Multi-Waypoint Mouse Gestures
humanize.humanized_path and tween_drag only interpolate a single
start → end hop. Real gestures — signatures, marquee / rubber-band selections,
dragging through several drop targets, shape gestures — need an arbitrary chain
of waypoints, with the button optionally held down across the whole path.
plan_path() is pure point math (reusing the named easings from
tween_drag) and is unit-testable on its own; move_along_path() and
drag_path() dispatch through an injectable sink so the gesture is
tested without real input. Imports no PySide6.
Headless API
from je_auto_control import (
plan_path, move_along_path, drag_path, path_easings,
)
# the eased point list through every waypoint (junctions de-duplicated)
plan_path([(100, 100), (400, 150), (400, 500)], per_segment_steps=20)
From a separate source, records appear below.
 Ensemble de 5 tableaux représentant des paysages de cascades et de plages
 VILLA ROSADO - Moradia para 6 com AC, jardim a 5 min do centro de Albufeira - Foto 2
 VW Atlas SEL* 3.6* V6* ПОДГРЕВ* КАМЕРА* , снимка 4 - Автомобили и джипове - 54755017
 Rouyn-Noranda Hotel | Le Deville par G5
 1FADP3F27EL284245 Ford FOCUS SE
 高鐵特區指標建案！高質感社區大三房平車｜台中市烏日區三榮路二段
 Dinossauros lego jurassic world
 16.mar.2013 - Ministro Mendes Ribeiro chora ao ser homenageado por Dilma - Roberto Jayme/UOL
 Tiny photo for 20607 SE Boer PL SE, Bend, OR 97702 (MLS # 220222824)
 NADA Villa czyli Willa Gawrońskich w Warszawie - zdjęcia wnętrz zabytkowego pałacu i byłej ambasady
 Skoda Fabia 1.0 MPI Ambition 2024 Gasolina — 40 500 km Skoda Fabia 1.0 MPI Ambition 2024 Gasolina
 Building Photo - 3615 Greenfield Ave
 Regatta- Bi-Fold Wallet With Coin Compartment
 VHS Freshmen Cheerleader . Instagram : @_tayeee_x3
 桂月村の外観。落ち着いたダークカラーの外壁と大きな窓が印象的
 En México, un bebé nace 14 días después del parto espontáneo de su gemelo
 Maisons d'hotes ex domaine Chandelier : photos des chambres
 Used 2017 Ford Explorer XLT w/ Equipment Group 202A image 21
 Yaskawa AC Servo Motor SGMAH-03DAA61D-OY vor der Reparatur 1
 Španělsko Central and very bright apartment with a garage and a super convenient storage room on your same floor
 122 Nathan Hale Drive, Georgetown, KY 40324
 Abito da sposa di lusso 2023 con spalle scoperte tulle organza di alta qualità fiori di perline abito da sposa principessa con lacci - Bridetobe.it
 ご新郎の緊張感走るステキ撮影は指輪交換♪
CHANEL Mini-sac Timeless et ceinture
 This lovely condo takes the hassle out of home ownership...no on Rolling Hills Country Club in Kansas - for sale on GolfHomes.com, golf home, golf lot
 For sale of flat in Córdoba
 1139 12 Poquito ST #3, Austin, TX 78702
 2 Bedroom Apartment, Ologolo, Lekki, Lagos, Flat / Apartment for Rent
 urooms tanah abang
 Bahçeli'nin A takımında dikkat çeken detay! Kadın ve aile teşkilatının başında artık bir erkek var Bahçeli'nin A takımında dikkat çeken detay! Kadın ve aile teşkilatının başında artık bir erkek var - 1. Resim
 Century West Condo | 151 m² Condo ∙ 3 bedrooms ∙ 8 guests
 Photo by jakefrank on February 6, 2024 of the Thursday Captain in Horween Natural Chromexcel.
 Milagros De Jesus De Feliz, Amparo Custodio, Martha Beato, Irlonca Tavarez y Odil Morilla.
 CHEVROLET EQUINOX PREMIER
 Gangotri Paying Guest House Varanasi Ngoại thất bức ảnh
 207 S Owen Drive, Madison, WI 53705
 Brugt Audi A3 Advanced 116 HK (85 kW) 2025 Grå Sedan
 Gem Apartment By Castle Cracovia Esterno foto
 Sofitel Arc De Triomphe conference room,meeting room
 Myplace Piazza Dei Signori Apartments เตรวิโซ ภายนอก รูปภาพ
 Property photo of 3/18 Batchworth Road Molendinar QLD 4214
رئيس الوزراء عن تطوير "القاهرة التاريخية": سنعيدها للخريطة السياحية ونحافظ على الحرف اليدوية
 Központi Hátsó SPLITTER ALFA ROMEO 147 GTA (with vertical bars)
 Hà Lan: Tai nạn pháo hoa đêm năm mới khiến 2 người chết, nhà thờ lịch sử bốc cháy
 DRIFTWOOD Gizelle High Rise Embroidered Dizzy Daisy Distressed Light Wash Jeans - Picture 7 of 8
move_along_path([(100, 100), (400, 150), (400, 500)]) # hover a polyline
drag_path([(50, 50), (300, 50), (300, 300)], button="mouse_left") # L-drag
plan_path interpolates each consecutive pair with per_segment_steps eased
steps (easing is any name from path_easings() — linear /
ease_in_out_quad / ease_out_cubic / ease_in_cubic) and does not
duplicate the shared junction points. move_along_path emits move events
through the path; drag_path presses at the first waypoint, moves through the
whole path, and releases at the last — for multi-stop drags. Both take a sink
override for headless testing.
Executor commands
AC_move_along_path and AC_drag_path take waypoints (a JSON
[[x, y], ...] list) plus easing / per_segment_steps (and button
for the drag). Both are exposed as MCP tools (ac_move_along_path /
ac_drag_path) and as Script Builder commands under Mouse.